Darktrace employs more than 1,500 staff globally, of which 40% are female – including at management level – a rarity against an industry average of just 15%. A rare tweeter, the last post still lingering at the top of her Twitter feed references how “proud” the company was of its gender diversity marking International Women’s Day.
“It’s only something I’m aware of when I’m doing interviews or when I’m at an industry event and suddenly you see a sea of men staring back at you,” she has previously said.
By design or not, Gustafsson, who was awarded an OBE last year for her contribution to cybersecurity, has proved to be something of a gender stereotype-breaker for much of her life.

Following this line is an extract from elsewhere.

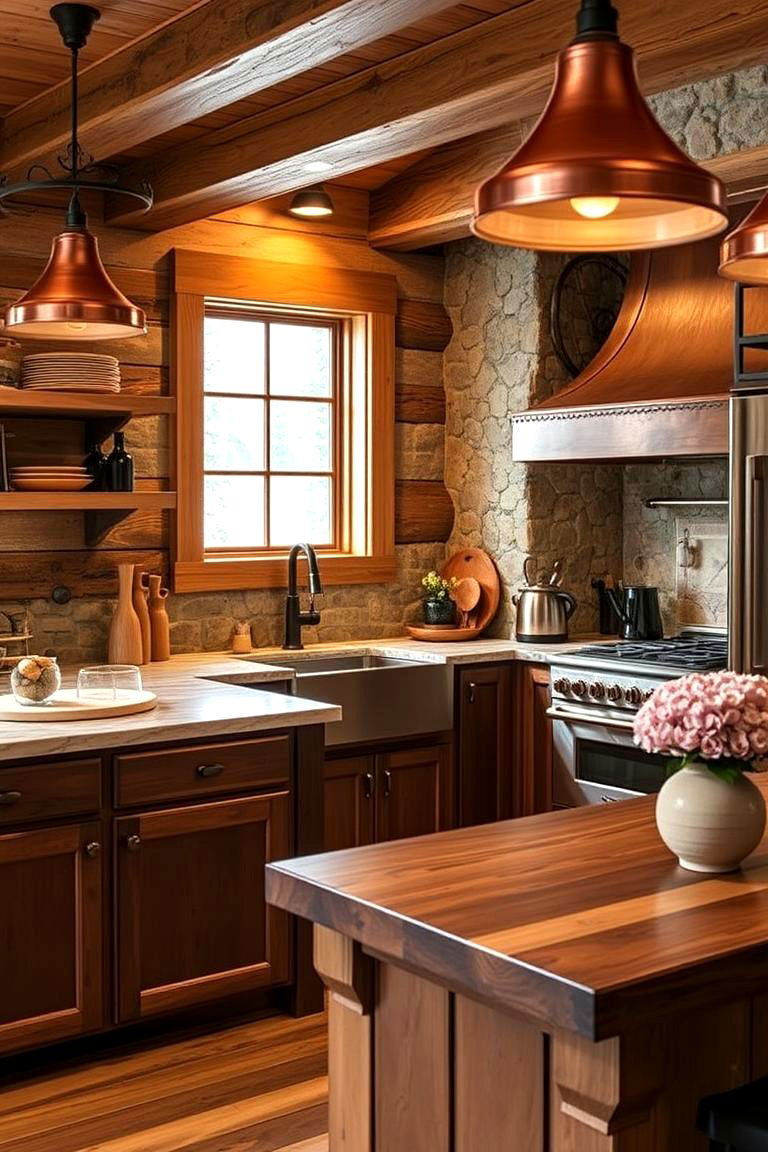 Copper Accents for a Warm Rustic Touch - 24 Mountain House Kitchen Ideas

She grew up in Cambridgeshire, where her father ran an agricultural sales business and her mother was a journalist for Farmers Weekly. After attending Hinchingbrooke secondary school – alumni include Oliver Cromwell and Samuel Pepys, and Wolf Hall author Hilary Mantel was patron of its 450th anniversary – she took a maths degree at the University of Sheffield, where her first student job was building kitchen cabinets. She then qualified as an accountant at Deloitte before working for Amadeus Capital, the venture capital firm run by ARM Holdings founder Hermann Hauser. In 2009, she moved to Mike Lynch’s Autonomy, a business that would become inextricably intertwined with Darktrace, for a two-year stint, before the cybersecurity company was born.
In February, former home secretary Amber Rudd, who sits on Darktrace’s advisory board alongside former MI5 director general Lord Evans of Weardale and CIA veteran Alan Wade, penned a piece asking “how we can find the future Poppy Gustafsson and more like her” in male-dominated science, tech, engineering and mathematics. She also complained that despite the female-led success of Darktrace, when the company is written about, “the only name that seems to get mentioned is the founder, Mike Lynch. It is as if women don’t get to run their own show.”
The problem is that Lynch, whose Invoke Capital was Darktrace’s first and biggest shareholder, has always had a significant influence on the business. The Autonomy co-founder is fighting extradition to the US, where he is accused of fraudulently inflating the value of the company before its £8.4bn sale to Hewlett-Packard in 2011. Lynch, who could face a maximum prison sentence of 25 years if found guilty, denies any wrongdoing.
Darktrace was built from ex-Autonomy staff, including Gustafsson, and in 2018 it was subpoenaed by US authorities for information about Invoke, warning there was a risk of money-laundering claims if its backing money included cash from the Autonomy sale. Darktrace says its liability in this regard is “low-risk” in IPO registration documents.
To create distance, Lynch stepped down from Darktrace’s board in 2018. However, he remained on its advisory council until last month, when he moved to a newly created science and technology council. Last year, Darktrace used $127m of a loan from several existing investors to reduce Invoke’s share holding. Lynch, with his wife, Angela Bacares, currently owns 19% of Darktrace, worth as much as £570m when the company floats.
Gustafsson has for the most part remained tight-lipped about her former boss, the financial backer instrumental in her rise at Darktrace, rejecting the idea that London may have been chosen over the US for a flotation because of Lynch’s situation.
“No, not at all,” is all she will say.
Gustafsson, whose choice of transport is a canary yellow Vespa and has said her one regret is not putting more time into learning the piano, is laser-focused on ensuring Darktrace has a legacy all its own.
“It really feels like we are just getting started,” she says. “We’ve never been happy with just sort of following the status quo and doing things, you know, 2% better than the last product. We are never going to be happy to be a company just following in the footsteps of others.”